§ **Instructions to follow**
With pictures left out, only the lines from the one containing "Bergny | Elegante Kilehæl Sneakers" through the end of the records should be reproduced exactly, please.

§ **Input**
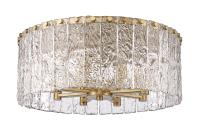 Eight Light Flush Mount by Z-Lite - Glacier Collection, Modern Gold Finish - 1943F20-MGLD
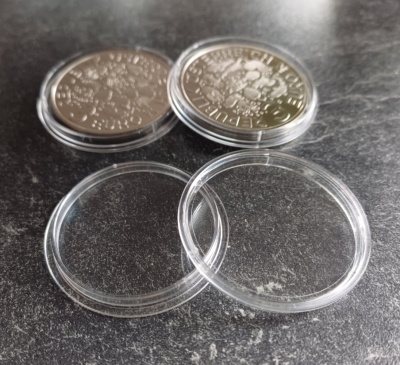 100 Stück Münzkapseln für 3Euro Österreich 34mm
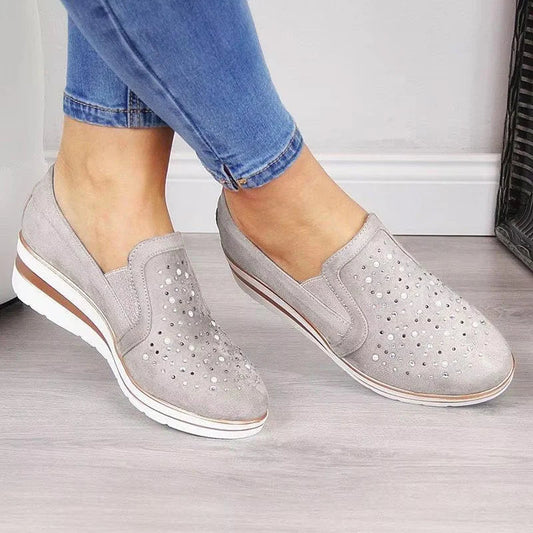 Bergny | Elegante Kilehæl Sneakers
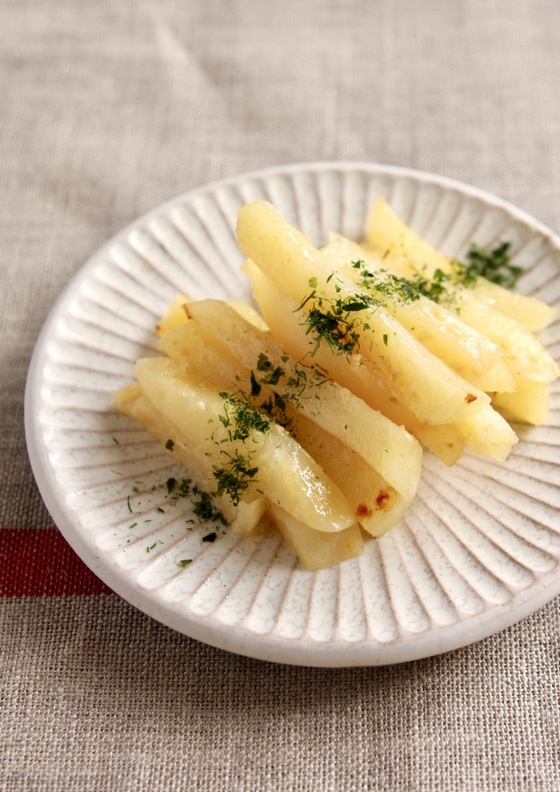 レンジで簡単 味噌バターポテト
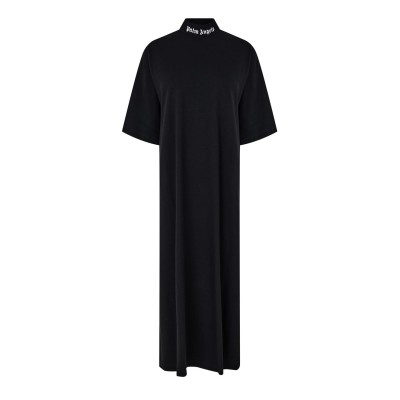 тениска,дамски,поли,и,рокли,palm,angels,logo,t,shirt,dress,black,white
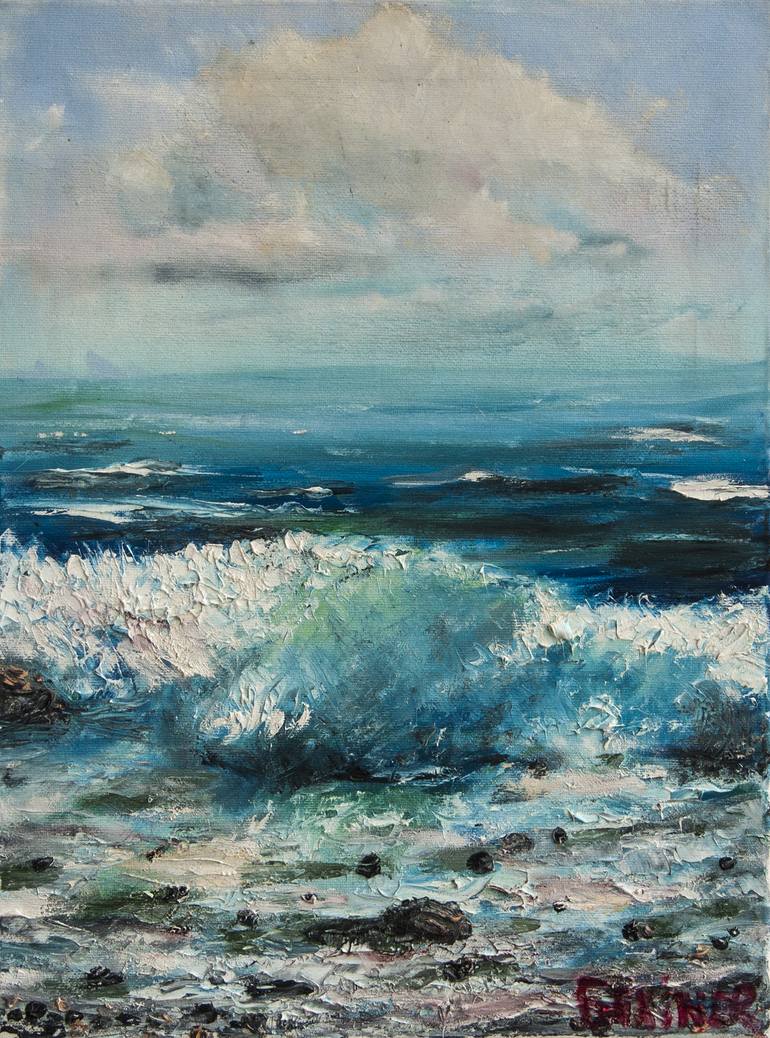 Wave. Painting by Leo Baxiner | Saatchi Art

§ **Response to this task**
 Bergny | Elegante Kilehæl Sneakers
 レンジで簡単 味噌バターポテト
 тениска,дамски,поли,и,рокли,palm,angels,logo,t,shirt,dress,black,white
 Wave. Painting by Leo Baxiner | Saatchi Art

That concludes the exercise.